Das war sie also. Die offizielle Beta zu Call of Duty: Black Ops 3. Entwickler Treyarch und Publisher Activision gaben und geben sich redlich Mühe, ihren Titel als das ambitionierteste CoD zu vermarkten. Bereits auf der gamescom 2015, konnten wir den Titel knapp 20 Minuten anspielen. In den letzten Tagen haben wir uns intensiver mit Shooter beschäftigt.
Nach dem wir die Fakten und ersten Eindrücke von Black Ops 3 in unserer Preview klären konnten, haben wir uns in den vergangenen Tage einen genaueres Bild von Treyarchs Shooter machen können. Und eins Vorweg: Call of Duty: Black Ops 3 fühlt und spielt sich angenehm rund, eine Innovationswelle solltet ihr jedoch nicht erwarten.
Schnell & hektisch
In der Beta war ausschließlich der Multiplayer-Part spielbar. Insgesamt konnten vier Karten und acht Spielmodi angetestet werden. Bei Stufe 49 war dann auch Schluss mit dem Leveln. Aber natürlich nicht, ohne vorher massenweise Inhalte wie Waffen, Perks, Aufsätze oder Score-Streaks frei zu schalten. Wie schon erwartet bietet uns das Gameplay aber mehr vom bereits bekannten. Mit seinen EXO-Suits fing es in Advanced Warfare an, der Hang zu futuristischen Kampfanzügen mit den sich daraus ergebenen neuen Möglichkeiten hinsichtlich der Bewegung. Hier wurden aber definitiv Fortschritte gemacht. Bereits nach wenigen Spielminuten geht der Wall-Run, das Sliden am Boden und die Benutzung der Schubdüsen für bspw. Doppelsprünge in Fleisch und Blut über. Eine Lernphase gibt es hier also praktisch nicht. Ebenso ist das gesamte Gameplay zwar weiter entfernt von den Vorgängern Advanced Warfare und Ghosts, aber näher am letzten CoD von Treyarsch, Black Ops 2, dran, was zudem auch bis heute noch der Multiplayer-Favorit bei der Spielerschaft darstellt, wenn man sich die Spielerzahlen ansieht.

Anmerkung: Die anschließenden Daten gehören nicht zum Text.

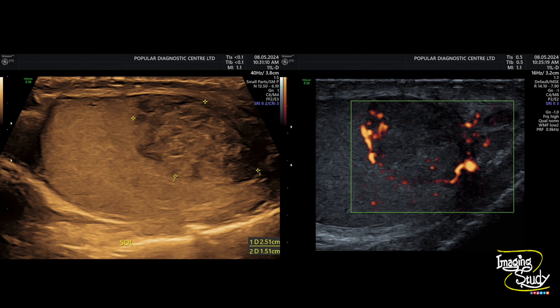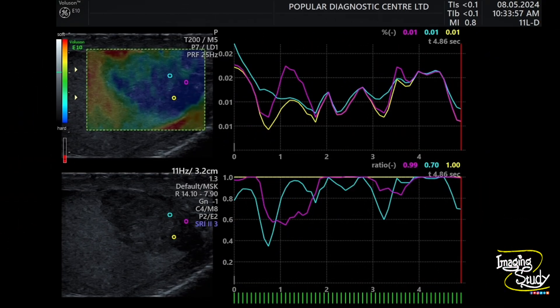Here's the picture with an approximate measurement of the lesion, and on the right you can see the prominent peripheral vascularity on power Doppler. We have also assessed the lesion with elastography, and it suggests the lesion to be hard in nature.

Auf den vier Maps Combine, Stronghold, Hunted und Evac konnte man sich also in Modi wie Team Deathmatch oder Kill Confirmed austoben. Hier ging es wie gewohnt schnell zur Sache. Springen, Sprinten, Schießen, Sliden, wieder Schießen, Wall-Run und weiter ballernd. Das alles spielt sich wunderbar flüssig und intuitiv. Aber nicht innovativ. Wer von Black Ops 3 ein neues Gameplay erwartet, wird schwer enttäuscht sein. Aber wer daran glaubt, glaubt wahrscheinlich auch noch an den Weihnachtsmann.
Upgrade Me!
Ein verändertes Upgrade-System darf natürlich bei keinem neuen CoD fehlen. Das bewährte Pick-10 System tut auch hier wieder seinen Dienst. Das bedeutet: Der Spieler hat 10 Punkte, die er in Perks, Aufsätze oder Waffen investiert und damit sein individuelles LineUp zusammen stellt und abspeichern darf. Zwischen dem Respawn kann auch hier frei durchgetauscht und experimentiert werden. Die Sets lassen sich aber nur zwischen den Runden im Menü anpassen und abspeichern. Mit jedem LevelUp bekommt ihr zudem einen Freischalt-Token, mit dem ihr neue Waffen oder Spezialisten-Skills dauerhaft freischalten könnt. Die neuen Spezialisten stellen eine der Neuerungen dar und sind sowas wie eine Basisklasse, mit der ihr an den Matches teilnehmt. So könnt ihr bspw. mit der Spezialistin Seraph bei entsprechenden Punkten einen panzerbrechenden Revolver benutzen oder mit dem Spezialisten Ruin für kurze Zeit die Zeit beschleunigen. Jeder Spezialist hat eine einzigartige Waffe und eine einzigartige Fähigkeit. Benutzen dürft ihr aber in den Matches immer jeweils nur eine der beiden.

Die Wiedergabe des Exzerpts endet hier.